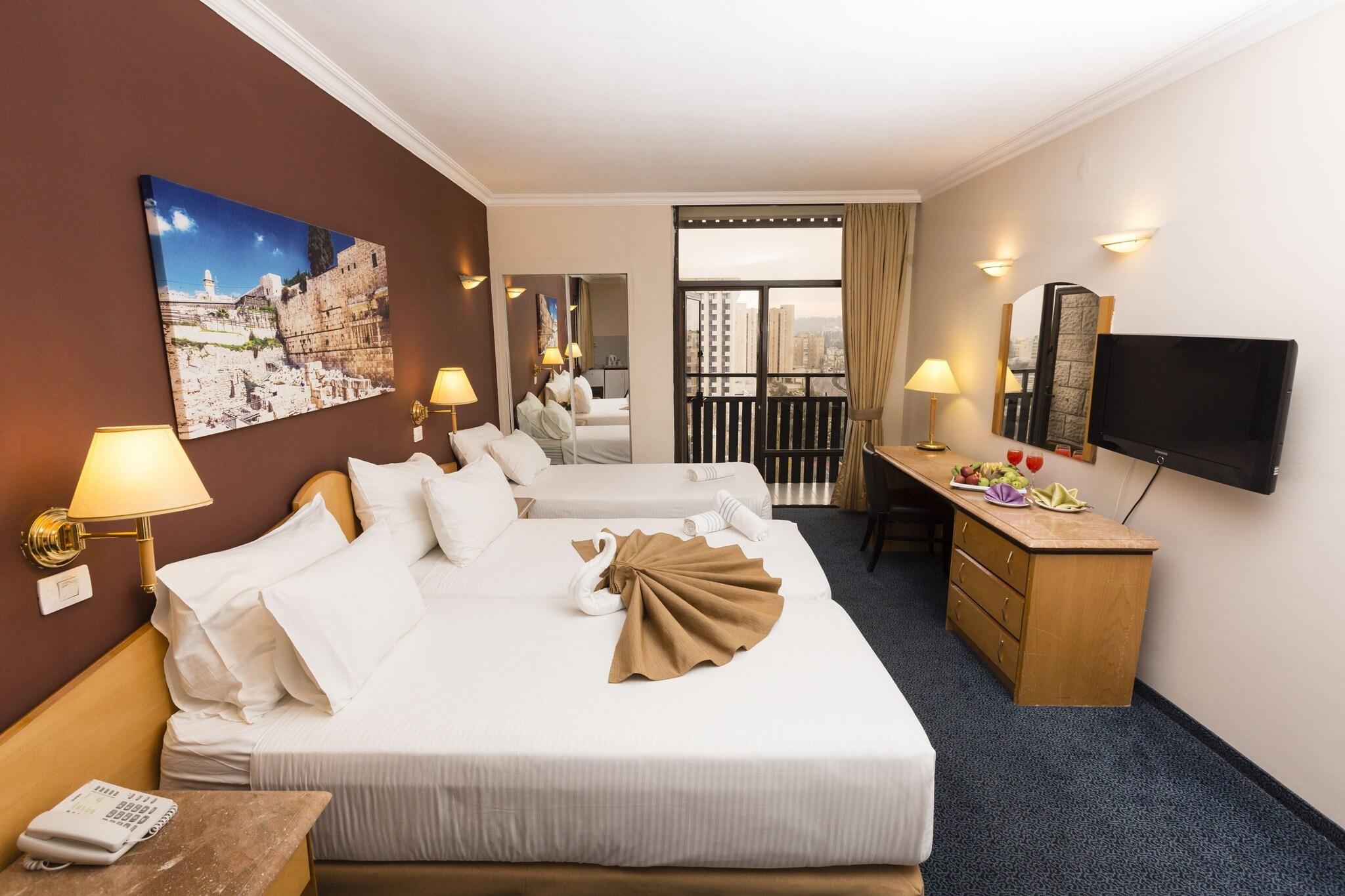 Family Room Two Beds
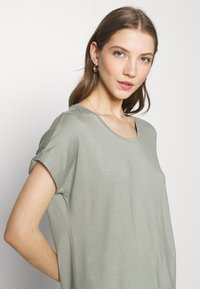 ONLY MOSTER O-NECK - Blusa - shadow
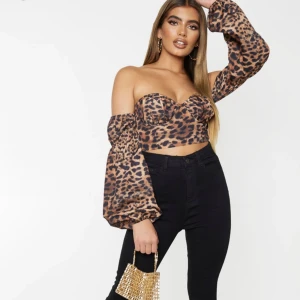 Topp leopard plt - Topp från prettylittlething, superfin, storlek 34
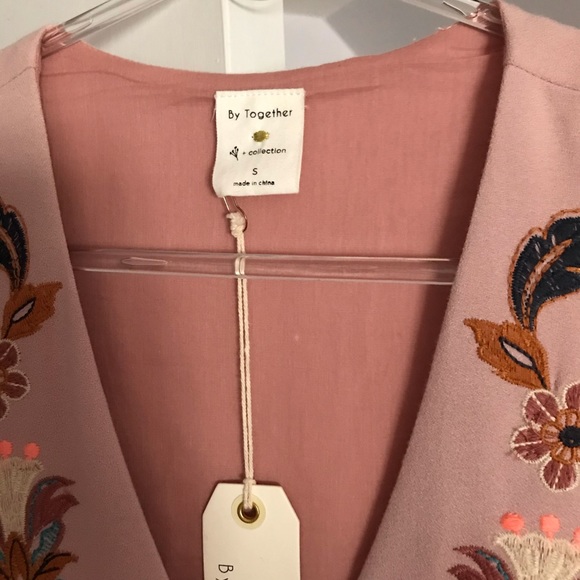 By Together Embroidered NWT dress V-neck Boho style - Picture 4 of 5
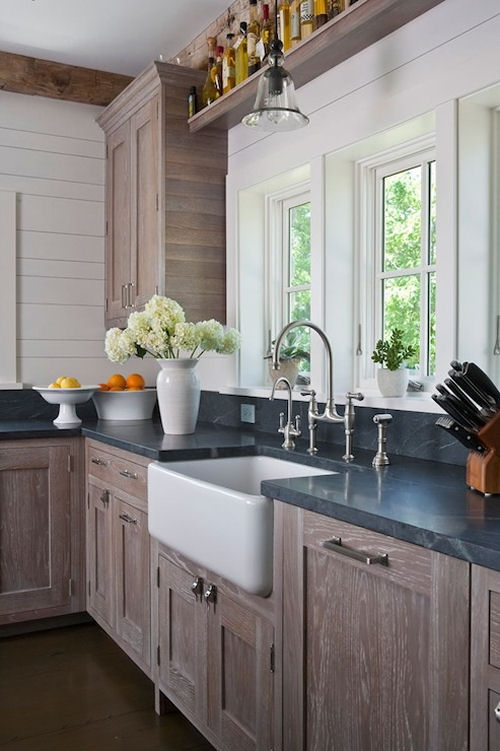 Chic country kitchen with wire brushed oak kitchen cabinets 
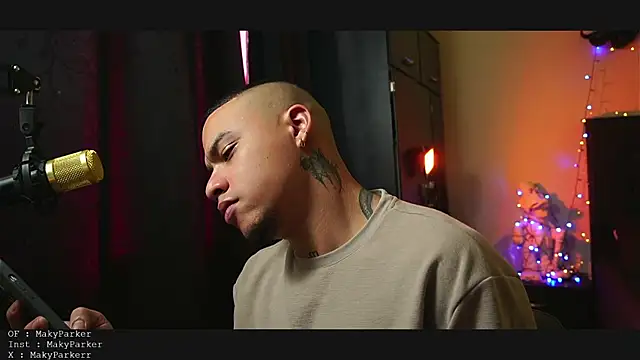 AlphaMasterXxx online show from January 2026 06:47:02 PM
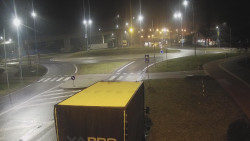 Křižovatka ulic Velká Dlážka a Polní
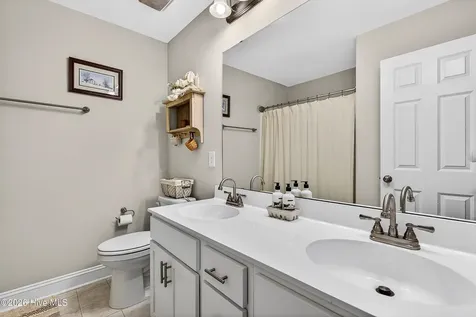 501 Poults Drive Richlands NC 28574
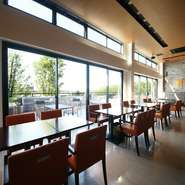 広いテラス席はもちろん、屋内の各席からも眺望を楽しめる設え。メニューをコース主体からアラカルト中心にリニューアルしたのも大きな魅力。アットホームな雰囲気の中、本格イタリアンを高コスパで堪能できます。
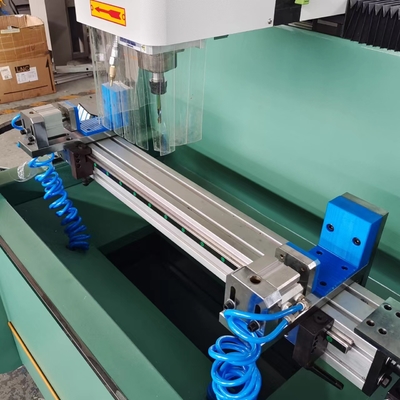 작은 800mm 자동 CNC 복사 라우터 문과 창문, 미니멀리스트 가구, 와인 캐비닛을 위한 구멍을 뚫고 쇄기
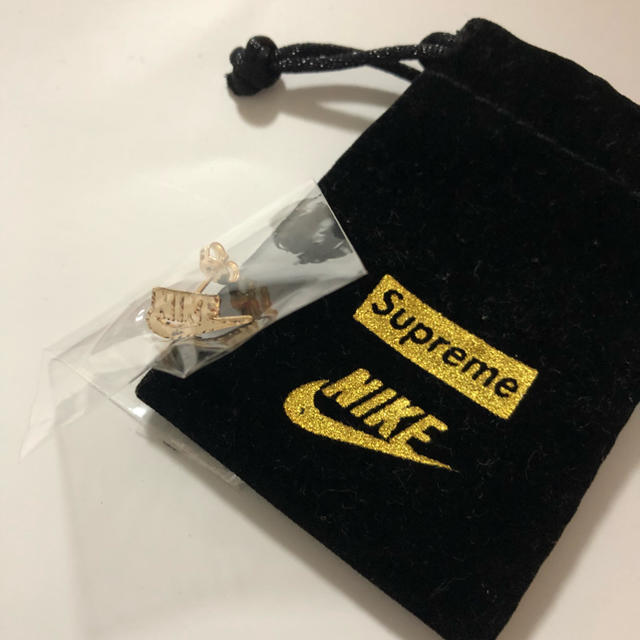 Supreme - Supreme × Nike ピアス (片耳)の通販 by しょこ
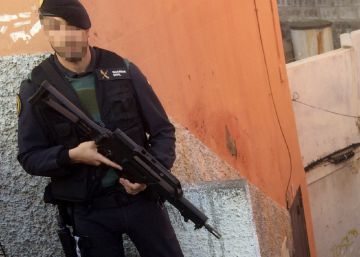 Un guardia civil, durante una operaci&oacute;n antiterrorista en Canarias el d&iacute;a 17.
----------------
## What is being asked
Output the line that contains "広いテラス席はもちろん、屋内" and every subsequent line through the end of the entries, exactly as given, without pictures.

## Answer to this problem
 広いテラス席はもちろん、屋内の各席からも眺望を楽しめる設え。メニューをコース主体からアラカルト中心にリニューアルしたのも大きな魅力。アットホームな雰囲気の中、本格イタリアンを高コスパで堪能できます。
 작은 800mm 자동 CNC 복사 라우터 문과 창문, 미니멀리스트 가구, 와인 캐비닛을 위한 구멍을 뚫고 쇄기
 Supreme - Supreme × Nike ピアス (片耳)の通販 by しょこ
 Un guardia civil, durante una operaci&oacute;n antiterrorista en Canarias el d&iacute;a 17.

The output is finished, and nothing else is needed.